Entrando nel significato della parola “diaconia”, mons. Monari ha portato l’esempio dell’insistenza con cui Papa Benedetto XVI mette in luce la cosiddetta “dittatura del relativismo”. “In passato – ha detto Monari – abbiamo avuto ad esempio le dittature della razza o della classe sociale, che hanno prodotto drammi storici immensi.
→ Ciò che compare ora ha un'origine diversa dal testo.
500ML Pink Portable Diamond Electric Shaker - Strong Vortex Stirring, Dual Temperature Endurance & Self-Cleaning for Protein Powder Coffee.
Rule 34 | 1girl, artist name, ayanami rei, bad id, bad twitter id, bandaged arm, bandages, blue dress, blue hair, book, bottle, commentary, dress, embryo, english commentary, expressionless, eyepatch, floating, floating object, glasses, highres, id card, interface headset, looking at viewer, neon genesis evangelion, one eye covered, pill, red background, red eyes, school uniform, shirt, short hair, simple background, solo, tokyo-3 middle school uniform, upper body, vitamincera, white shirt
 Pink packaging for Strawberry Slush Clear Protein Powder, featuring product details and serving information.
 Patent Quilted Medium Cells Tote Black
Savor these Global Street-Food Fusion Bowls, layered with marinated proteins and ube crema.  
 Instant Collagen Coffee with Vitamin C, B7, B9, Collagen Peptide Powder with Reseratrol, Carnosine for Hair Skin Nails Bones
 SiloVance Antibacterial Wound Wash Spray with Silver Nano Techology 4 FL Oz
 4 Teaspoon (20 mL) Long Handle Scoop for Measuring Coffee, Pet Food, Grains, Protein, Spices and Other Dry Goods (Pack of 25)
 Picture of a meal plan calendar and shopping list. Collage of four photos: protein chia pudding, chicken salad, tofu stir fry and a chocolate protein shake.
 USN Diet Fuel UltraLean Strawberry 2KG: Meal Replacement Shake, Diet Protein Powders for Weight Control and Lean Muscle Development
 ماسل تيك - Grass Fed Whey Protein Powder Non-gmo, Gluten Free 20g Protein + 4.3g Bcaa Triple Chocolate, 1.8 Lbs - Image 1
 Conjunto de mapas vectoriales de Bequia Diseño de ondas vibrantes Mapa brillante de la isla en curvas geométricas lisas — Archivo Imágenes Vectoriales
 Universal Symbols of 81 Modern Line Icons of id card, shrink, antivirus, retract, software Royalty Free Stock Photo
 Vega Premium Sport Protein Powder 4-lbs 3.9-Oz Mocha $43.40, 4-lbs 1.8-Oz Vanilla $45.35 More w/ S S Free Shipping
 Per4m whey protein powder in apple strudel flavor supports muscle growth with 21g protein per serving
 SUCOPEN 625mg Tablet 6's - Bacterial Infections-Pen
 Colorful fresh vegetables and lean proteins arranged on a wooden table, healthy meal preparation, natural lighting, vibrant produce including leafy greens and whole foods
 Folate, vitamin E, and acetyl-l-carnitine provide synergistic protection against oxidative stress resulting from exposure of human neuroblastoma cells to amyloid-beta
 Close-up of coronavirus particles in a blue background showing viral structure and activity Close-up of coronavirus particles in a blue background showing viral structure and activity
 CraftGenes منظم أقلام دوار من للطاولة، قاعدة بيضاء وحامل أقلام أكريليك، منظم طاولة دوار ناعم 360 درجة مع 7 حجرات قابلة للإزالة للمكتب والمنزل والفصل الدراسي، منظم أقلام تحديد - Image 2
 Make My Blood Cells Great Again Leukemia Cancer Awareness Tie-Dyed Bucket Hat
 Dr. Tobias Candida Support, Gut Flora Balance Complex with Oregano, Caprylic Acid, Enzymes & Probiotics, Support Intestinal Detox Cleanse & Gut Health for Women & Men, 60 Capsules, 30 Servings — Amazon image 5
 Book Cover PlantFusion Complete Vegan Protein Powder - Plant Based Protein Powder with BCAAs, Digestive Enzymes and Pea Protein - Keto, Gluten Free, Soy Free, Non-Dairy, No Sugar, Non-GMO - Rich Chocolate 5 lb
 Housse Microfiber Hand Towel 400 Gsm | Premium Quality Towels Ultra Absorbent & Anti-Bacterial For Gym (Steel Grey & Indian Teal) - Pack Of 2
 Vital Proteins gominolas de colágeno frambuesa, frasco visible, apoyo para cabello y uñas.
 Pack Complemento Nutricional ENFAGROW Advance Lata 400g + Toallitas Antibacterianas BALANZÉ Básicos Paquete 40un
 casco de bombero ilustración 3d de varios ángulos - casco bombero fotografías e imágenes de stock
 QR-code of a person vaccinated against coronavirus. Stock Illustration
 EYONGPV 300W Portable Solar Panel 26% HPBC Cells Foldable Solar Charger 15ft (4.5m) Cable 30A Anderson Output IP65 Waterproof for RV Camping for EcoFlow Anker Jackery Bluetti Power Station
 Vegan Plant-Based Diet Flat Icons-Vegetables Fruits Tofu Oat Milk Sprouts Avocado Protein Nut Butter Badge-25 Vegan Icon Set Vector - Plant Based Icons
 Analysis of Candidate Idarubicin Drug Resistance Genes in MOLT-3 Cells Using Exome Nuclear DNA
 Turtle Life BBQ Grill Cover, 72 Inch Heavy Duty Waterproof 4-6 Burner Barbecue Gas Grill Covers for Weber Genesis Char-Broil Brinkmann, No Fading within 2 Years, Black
Oggi siamo di fronte alla ‘dittatura del relativismo’, secondo la quale il sacro non esiste più, o meglio ognuno si sceglie ciò che per lui è importante”. Ne deriva – ha aggiunto – “che oggi si insiste molto sulle scelte individuali, divenute a loro modo ‘sacre’, in un processo di de-costruzione dell’uomo che viene smontato in parti e sezioni e ricostruito secondo i propri desideri. L’esempio più evidente di questo percorso culturale è rappresentato dalle richieste sulla fecondazione assistita, i matrimoni omosessuali, l’eutanasia. Oggi l’uomo ha gli strumenti per intervenire sulla formazione e lo sviluppo della vita, ma non è detto che scelga sempre il bene”. Ha quindi sottolineato che la “diaconia della Chiesa in questo campo consiste nel trasmettere un patrimonio saggio all’umanità, ammonendo ad evitare sofferenze future che potrebbero anche essere immense”.